-- SUPPLIED DATA --
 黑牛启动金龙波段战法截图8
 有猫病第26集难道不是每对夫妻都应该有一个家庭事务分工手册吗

==

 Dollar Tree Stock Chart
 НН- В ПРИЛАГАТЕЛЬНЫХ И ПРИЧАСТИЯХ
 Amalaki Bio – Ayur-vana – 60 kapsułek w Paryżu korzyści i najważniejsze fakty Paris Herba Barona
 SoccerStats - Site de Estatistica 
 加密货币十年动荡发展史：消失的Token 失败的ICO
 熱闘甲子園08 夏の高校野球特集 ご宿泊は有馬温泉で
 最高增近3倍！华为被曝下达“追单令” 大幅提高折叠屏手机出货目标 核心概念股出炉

==

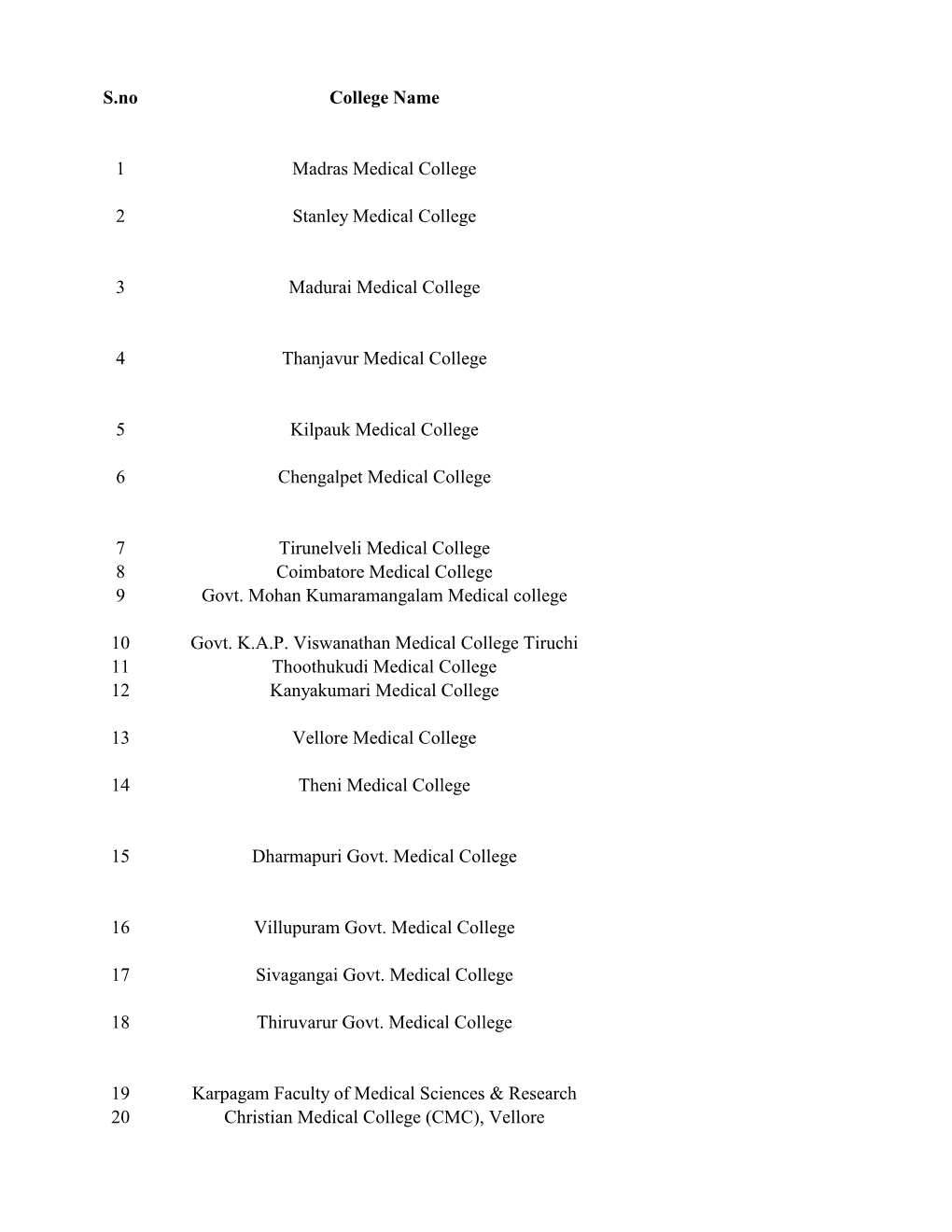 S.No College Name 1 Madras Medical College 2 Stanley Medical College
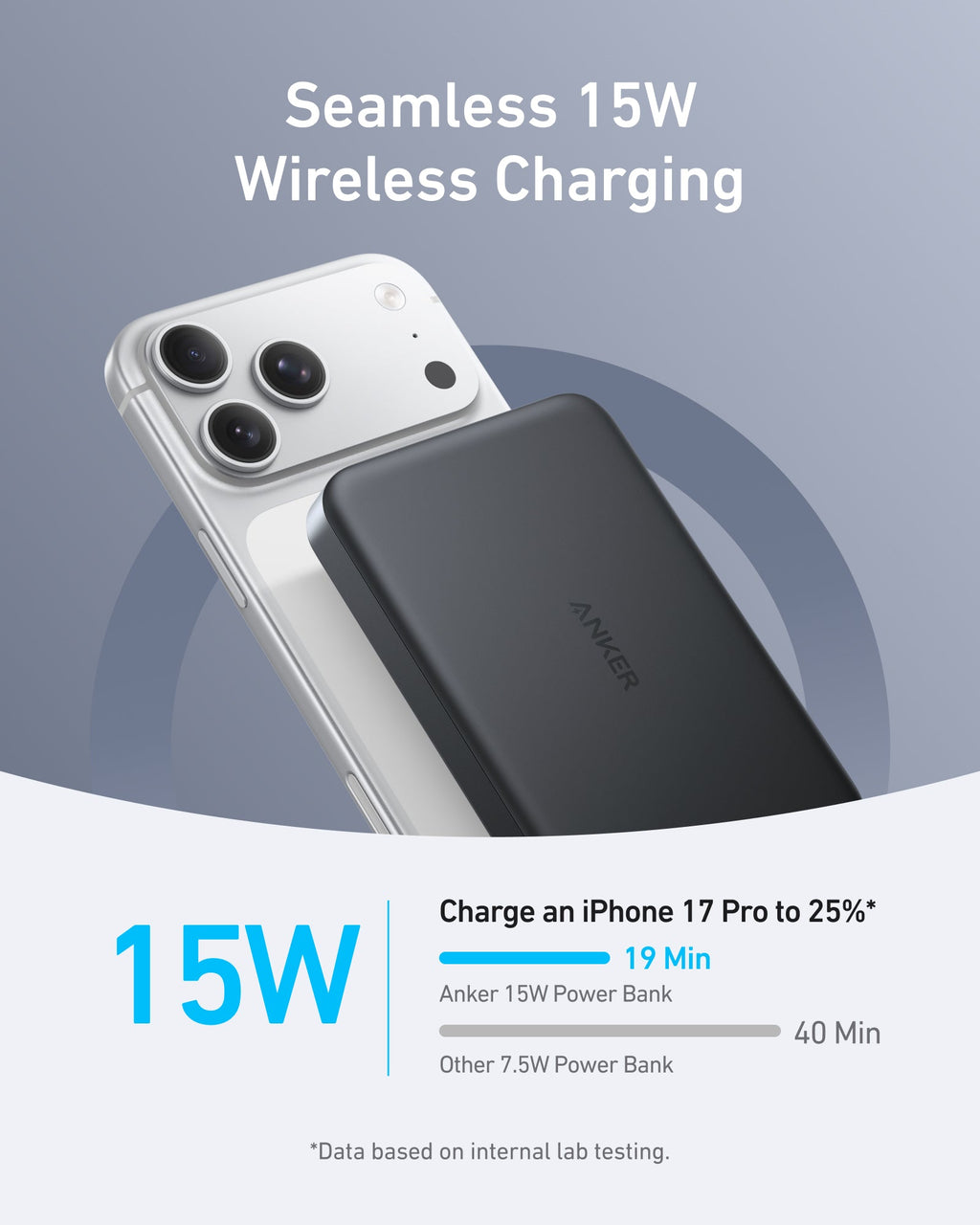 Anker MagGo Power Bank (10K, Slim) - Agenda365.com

-- EXERCISE BRIEF --
Copy out the lines above from the line containing "S.No College Name" through the line containing "Anker MagGo Power", exactly, and keep the pictures out.

-- SOLUTION TO THIS EXERCISE --
 S.No College Name 1 Madras Medical College 2 Stanley Medical College
 Anker MagGo Power Bank (10K, Slim) - Agenda365.com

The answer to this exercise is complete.